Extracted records
»»

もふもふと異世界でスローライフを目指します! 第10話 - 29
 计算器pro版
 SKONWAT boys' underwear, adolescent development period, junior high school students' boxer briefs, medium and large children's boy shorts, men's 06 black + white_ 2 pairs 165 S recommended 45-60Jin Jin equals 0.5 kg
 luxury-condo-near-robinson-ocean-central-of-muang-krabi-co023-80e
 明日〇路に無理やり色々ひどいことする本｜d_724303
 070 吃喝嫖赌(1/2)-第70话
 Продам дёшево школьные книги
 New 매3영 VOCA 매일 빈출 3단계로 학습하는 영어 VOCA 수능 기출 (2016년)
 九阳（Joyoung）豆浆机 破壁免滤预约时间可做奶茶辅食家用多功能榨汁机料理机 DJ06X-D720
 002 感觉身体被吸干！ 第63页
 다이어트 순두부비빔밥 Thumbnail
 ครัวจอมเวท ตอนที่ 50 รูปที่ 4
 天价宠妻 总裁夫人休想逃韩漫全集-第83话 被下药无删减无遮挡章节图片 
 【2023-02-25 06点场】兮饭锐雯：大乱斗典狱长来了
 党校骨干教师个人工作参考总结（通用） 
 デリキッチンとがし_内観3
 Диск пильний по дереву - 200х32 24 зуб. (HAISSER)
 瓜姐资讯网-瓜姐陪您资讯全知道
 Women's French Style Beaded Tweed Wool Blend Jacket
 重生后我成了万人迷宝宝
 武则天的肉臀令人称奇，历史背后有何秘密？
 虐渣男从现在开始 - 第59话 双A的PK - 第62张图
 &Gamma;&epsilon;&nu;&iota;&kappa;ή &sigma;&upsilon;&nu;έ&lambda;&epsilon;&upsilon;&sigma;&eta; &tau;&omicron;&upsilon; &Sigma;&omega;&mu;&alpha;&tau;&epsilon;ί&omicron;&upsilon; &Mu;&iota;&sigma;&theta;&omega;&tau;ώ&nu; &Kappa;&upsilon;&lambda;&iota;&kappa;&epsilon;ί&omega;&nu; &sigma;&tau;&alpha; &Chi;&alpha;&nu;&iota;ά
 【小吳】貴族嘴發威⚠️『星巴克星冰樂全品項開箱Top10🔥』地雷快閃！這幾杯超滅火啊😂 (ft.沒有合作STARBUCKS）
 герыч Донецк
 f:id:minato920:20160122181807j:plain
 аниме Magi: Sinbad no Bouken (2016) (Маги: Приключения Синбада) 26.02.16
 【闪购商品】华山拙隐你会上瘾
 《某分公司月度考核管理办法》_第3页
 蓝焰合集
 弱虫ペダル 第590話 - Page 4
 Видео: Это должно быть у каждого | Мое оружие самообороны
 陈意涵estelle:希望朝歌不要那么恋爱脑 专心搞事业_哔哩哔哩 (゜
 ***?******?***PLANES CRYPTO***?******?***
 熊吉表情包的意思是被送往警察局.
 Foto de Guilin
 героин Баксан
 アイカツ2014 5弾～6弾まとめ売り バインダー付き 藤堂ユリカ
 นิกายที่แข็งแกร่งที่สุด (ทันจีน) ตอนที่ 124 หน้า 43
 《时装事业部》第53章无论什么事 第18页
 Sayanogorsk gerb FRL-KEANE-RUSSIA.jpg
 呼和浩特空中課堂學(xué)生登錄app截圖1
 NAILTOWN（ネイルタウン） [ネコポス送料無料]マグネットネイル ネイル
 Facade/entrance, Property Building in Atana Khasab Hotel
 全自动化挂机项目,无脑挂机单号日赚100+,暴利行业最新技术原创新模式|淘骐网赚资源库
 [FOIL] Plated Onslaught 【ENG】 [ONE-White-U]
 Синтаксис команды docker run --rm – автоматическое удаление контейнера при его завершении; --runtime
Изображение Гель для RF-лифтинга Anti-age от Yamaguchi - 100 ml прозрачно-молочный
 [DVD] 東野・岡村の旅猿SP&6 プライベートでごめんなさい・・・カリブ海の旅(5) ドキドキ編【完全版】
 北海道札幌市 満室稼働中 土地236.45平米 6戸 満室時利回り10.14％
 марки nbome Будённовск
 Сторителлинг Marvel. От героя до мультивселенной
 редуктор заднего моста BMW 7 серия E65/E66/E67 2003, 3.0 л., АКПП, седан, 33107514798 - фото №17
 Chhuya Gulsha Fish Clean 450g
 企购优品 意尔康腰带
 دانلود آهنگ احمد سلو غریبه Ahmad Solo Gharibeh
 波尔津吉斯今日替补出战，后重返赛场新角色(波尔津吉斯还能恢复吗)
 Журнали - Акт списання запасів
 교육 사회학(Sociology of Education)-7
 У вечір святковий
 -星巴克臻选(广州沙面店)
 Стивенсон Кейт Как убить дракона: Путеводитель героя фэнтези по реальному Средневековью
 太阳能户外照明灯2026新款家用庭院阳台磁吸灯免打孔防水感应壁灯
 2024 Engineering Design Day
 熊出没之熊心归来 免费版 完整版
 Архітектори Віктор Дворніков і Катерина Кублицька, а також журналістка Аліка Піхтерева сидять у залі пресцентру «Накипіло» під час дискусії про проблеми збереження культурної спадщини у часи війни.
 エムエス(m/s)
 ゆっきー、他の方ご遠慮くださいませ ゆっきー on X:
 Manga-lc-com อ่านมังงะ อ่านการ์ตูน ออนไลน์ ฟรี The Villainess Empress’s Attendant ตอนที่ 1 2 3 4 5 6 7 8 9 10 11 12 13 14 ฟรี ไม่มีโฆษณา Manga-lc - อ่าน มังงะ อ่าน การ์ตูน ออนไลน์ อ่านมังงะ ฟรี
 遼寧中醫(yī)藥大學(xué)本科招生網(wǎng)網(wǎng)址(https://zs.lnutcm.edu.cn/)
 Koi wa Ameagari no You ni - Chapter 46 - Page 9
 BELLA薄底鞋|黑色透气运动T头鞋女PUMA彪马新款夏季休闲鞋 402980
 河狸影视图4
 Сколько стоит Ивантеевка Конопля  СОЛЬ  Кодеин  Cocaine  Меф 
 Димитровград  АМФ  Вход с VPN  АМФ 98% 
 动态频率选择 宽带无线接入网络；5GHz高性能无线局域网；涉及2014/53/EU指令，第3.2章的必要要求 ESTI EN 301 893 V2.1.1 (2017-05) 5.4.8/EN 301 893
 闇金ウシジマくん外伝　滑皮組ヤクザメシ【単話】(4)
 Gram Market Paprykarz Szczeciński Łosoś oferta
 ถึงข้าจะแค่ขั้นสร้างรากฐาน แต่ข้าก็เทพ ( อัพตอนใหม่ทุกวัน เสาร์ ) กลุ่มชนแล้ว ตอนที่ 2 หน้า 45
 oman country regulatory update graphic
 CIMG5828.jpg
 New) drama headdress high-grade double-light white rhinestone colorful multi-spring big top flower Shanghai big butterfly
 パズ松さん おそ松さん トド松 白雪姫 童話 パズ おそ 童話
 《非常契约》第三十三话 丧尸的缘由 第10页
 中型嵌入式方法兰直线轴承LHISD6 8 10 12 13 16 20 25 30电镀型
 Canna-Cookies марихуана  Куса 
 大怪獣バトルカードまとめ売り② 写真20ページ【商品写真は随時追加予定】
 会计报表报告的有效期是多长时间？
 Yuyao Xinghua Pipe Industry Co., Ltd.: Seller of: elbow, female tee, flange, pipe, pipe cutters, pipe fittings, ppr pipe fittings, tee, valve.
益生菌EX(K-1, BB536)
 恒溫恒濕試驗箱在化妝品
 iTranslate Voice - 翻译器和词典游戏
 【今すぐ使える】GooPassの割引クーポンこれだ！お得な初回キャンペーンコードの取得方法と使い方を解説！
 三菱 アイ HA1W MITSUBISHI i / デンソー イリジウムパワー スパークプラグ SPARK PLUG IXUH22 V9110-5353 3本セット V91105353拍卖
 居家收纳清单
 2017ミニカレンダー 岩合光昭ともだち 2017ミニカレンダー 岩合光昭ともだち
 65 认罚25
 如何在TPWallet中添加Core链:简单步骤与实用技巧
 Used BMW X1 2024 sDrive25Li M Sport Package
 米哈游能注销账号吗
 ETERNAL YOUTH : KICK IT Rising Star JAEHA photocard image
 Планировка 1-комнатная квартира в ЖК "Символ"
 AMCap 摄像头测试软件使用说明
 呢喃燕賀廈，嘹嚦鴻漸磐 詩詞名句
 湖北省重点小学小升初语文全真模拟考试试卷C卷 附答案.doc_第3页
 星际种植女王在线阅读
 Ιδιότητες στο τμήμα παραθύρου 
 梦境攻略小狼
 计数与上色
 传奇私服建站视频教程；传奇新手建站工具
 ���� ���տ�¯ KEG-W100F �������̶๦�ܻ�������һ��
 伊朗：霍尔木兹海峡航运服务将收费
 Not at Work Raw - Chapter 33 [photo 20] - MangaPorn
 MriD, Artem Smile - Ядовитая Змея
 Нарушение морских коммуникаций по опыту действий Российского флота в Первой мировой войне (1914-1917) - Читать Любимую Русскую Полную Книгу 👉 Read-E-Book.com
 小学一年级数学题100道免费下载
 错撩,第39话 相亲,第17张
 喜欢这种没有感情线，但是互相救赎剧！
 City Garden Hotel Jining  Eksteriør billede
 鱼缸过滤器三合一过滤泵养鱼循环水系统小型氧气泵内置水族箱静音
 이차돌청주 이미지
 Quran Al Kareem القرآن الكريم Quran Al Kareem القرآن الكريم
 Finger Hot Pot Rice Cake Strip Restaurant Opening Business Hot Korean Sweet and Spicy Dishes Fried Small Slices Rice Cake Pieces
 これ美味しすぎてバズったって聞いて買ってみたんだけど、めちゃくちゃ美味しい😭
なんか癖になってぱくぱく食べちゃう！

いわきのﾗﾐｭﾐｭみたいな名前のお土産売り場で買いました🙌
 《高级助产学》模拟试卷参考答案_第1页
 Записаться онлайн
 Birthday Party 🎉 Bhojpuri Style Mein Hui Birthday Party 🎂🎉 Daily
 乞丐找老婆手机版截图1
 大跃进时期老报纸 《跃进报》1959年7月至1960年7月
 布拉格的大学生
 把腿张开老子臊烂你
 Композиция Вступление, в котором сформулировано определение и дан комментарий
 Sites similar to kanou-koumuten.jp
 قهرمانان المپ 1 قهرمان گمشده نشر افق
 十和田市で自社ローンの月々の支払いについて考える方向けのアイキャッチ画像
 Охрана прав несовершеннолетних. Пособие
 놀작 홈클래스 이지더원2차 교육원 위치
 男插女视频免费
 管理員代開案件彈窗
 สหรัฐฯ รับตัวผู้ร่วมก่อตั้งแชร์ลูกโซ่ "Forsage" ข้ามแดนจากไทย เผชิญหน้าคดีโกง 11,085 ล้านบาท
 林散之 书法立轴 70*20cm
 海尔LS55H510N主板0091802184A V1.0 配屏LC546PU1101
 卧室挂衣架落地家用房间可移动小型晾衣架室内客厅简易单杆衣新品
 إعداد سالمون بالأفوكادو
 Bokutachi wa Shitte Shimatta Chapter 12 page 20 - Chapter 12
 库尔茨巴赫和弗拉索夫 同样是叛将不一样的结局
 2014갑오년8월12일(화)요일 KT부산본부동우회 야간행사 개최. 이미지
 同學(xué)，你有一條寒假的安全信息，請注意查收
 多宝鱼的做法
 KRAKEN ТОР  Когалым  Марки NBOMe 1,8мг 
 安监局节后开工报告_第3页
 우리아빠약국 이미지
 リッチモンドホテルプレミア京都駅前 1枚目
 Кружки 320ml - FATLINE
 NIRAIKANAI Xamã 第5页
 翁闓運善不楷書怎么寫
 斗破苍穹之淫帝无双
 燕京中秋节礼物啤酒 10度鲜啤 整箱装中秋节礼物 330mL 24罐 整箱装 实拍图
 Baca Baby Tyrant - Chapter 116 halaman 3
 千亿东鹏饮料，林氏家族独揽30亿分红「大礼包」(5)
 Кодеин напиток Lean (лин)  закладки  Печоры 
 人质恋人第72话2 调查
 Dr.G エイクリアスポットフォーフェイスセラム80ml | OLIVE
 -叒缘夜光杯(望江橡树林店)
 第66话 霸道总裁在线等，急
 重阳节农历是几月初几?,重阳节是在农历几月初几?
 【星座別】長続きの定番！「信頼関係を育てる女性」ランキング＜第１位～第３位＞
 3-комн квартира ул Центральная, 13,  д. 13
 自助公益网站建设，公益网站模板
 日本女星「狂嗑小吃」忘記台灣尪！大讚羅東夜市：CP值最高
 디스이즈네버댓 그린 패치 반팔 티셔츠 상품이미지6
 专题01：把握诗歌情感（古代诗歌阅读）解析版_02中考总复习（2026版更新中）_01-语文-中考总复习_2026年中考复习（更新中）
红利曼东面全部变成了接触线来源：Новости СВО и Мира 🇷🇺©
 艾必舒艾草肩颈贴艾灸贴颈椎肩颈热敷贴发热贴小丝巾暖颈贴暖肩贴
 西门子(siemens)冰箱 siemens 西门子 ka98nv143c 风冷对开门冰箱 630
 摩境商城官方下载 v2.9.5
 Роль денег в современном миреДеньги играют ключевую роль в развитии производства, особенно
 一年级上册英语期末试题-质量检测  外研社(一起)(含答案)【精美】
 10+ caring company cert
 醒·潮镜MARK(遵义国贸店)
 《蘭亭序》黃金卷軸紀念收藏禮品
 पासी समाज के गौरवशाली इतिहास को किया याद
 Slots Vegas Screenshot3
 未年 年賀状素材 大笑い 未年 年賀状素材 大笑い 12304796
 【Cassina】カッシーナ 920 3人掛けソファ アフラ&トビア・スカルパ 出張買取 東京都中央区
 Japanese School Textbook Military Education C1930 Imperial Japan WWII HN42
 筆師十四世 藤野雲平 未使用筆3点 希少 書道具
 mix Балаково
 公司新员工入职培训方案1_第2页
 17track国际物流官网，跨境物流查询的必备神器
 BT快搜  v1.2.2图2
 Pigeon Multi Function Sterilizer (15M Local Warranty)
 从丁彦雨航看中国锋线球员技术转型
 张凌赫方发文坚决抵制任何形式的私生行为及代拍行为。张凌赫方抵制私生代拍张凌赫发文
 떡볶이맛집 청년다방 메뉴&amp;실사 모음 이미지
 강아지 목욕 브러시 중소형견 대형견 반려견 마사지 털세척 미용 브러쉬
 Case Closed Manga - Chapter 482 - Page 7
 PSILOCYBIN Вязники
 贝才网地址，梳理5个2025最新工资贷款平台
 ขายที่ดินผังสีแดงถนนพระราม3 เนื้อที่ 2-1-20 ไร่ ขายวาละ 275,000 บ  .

««

ABOUT THIS EXERCISE » Output consists of exactly the lines from the one containing "专题01：把握诗歌情感（古代" to the end of the records above, retyped without change and with nothing extra.

ANSWER SPACE »
 专题01：把握诗歌情感（古代诗歌阅读）解析版_02中考总复习（2026版更新中）_01-语文-中考总复习_2026年中考复习（更新中）
红利曼东面全部变成了接触线来源：Новости СВО и Мира 🇷🇺©
 艾必舒艾草肩颈贴艾灸贴颈椎肩颈热敷贴发热贴小丝巾暖颈贴暖肩贴
 西门子(siemens)冰箱 siemens 西门子 ka98nv143c 风冷对开门冰箱 630
 摩境商城官方下载 v2.9.5
 Роль денег в современном миреДеньги играют ключевую роль в развитии производства, особенно
 一年级上册英语期末试题-质量检测  外研社(一起)(含答案)【精美】
 10+ caring company cert
 醒·潮镜MARK(遵义国贸店)
 《蘭亭序》黃金卷軸紀念收藏禮品
 पासी समाज के गौरवशाली इतिहास को किया याद
 Slots Vegas Screenshot3
 未年 年賀状素材 大笑い 未年 年賀状素材 大笑い 12304796
 【Cassina】カッシーナ 920 3人掛けソファ アフラ&トビア・スカルパ 出張買取 東京都中央区
 Japanese School Textbook Military Education C1930 Imperial Japan WWII HN42
 筆師十四世 藤野雲平 未使用筆3点 希少 書道具
 mix Балаково
 公司新员工入职培训方案1_第2页
 17track国际物流官网，跨境物流查询的必备神器
 BT快搜  v1.2.2图2
 Pigeon Multi Function Sterilizer (15M Local Warranty)
 从丁彦雨航看中国锋线球员技术转型
 张凌赫方发文坚决抵制任何形式的私生行为及代拍行为。张凌赫方抵制私生代拍张凌赫发文
 떡볶이맛집 청년다방 메뉴&amp;실사 모음 이미지
 강아지 목욕 브러시 중소형견 대형견 반려견 마사지 털세척 미용 브러쉬
 Case Closed Manga - Chapter 482 - Page 7
 PSILOCYBIN Вязники
 贝才网地址，梳理5个2025最新工资贷款平台
 ขายที่ดินผังสีแดงถนนพระราม3 เนื้อที่ 2-1-20 ไร่ ขายวาละ 275,000 บ  .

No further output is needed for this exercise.